╭─ Records to process
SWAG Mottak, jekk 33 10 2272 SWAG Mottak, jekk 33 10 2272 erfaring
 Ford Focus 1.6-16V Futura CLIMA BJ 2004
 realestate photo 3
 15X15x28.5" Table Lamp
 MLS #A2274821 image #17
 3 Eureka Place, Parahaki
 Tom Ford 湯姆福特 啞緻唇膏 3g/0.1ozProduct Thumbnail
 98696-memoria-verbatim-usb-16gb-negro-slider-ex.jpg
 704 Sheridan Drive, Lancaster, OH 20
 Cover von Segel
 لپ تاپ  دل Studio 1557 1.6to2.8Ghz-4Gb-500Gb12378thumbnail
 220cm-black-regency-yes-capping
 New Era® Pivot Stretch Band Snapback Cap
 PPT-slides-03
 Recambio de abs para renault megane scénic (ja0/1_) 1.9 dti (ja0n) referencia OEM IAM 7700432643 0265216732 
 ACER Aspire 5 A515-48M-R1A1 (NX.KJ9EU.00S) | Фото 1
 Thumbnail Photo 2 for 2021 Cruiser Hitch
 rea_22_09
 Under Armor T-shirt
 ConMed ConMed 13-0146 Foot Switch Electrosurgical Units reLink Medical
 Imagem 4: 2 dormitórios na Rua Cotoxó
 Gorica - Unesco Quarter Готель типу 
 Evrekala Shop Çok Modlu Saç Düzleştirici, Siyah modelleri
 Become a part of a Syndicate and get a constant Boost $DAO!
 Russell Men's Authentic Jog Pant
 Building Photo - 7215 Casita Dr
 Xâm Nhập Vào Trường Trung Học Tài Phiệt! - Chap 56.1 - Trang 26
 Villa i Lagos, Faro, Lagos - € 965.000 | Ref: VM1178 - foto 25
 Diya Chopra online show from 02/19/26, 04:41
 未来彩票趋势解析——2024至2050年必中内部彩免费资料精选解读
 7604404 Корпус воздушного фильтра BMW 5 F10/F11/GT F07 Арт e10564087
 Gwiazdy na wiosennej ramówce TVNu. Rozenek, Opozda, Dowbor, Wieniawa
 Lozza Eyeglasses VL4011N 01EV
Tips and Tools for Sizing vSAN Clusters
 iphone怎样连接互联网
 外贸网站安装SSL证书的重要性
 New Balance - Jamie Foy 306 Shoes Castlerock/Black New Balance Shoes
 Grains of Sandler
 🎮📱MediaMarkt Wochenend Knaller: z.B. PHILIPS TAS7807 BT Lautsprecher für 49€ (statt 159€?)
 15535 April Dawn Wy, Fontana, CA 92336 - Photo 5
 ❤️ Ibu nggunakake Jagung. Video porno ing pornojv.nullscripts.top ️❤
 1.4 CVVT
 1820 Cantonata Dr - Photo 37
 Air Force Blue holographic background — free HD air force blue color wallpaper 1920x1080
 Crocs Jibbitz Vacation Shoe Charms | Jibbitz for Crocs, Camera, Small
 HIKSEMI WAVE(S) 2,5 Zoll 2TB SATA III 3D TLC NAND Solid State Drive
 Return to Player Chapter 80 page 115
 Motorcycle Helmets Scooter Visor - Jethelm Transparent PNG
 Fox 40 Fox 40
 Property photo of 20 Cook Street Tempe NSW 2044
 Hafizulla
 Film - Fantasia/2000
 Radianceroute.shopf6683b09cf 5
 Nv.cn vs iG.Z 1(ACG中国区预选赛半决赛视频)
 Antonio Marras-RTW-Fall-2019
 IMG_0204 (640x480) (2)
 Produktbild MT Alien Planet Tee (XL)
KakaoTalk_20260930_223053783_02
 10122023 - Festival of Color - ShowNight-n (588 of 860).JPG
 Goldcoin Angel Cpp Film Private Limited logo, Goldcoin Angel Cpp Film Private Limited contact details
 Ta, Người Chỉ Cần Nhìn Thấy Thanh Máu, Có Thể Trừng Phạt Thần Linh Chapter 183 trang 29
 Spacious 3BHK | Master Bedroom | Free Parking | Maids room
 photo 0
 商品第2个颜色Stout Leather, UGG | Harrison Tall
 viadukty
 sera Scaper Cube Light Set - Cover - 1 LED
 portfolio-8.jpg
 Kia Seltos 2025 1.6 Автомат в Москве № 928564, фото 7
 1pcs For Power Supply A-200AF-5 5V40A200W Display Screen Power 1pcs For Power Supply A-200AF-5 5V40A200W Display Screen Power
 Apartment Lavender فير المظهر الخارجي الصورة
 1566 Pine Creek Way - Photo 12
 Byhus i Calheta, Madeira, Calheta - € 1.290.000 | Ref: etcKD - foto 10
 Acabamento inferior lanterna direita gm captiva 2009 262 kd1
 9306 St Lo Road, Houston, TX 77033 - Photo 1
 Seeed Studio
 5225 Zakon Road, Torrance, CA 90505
╰─
Goal of the exercise: Copy exactly the lines from the one containing "Crocs Jibbitz Vacation" through the last line of the records, both included, and nothing else.

Answer to the exercise:
 Crocs Jibbitz Vacation Shoe Charms | Jibbitz for Crocs, Camera, Small
 HIKSEMI WAVE(S) 2,5 Zoll 2TB SATA III 3D TLC NAND Solid State Drive
 Return to Player Chapter 80 page 115
 Motorcycle Helmets Scooter Visor - Jethelm Transparent PNG
 Fox 40 Fox 40
 Property photo of 20 Cook Street Tempe NSW 2044
 Hafizulla
 Film - Fantasia/2000
 Radianceroute.shopf6683b09cf 5
 Nv.cn vs iG.Z 1(ACG中国区预选赛半决赛视频)
 Antonio Marras-RTW-Fall-2019
 IMG_0204 (640x480) (2)
 Produktbild MT Alien Planet Tee (XL)
KakaoTalk_20260930_223053783_02
 10122023 - Festival of Color - ShowNight-n (588 of 860).JPG
 Goldcoin Angel Cpp Film Private Limited logo, Goldcoin Angel Cpp Film Private Limited contact details
 Ta, Người Chỉ Cần Nhìn Thấy Thanh Máu, Có Thể Trừng Phạt Thần Linh Chapter 183 trang 29
 Spacious 3BHK | Master Bedroom | Free Parking | Maids room
 photo 0
 商品第2个颜色Stout Leather, UGG | Harrison Tall
 viadukty
 sera Scaper Cube Light Set - Cover - 1 LED
 portfolio-8.jpg
 Kia Seltos 2025 1.6 Автомат в Москве № 928564, фото 7
 1pcs For Power Supply A-200AF-5 5V40A200W Display Screen Power 1pcs For Power Supply A-200AF-5 5V40A200W Display Screen Power
 Apartment Lavender فير المظهر الخارجي الصورة
 1566 Pine Creek Way - Photo 12
 Byhus i Calheta, Madeira, Calheta - € 1.290.000 | Ref: etcKD - foto 10
 Acabamento inferior lanterna direita gm captiva 2009 262 kd1
 9306 St Lo Road, Houston, TX 77033 - Photo 1
 Seeed Studio
 5225 Zakon Road, Torrance, CA 90505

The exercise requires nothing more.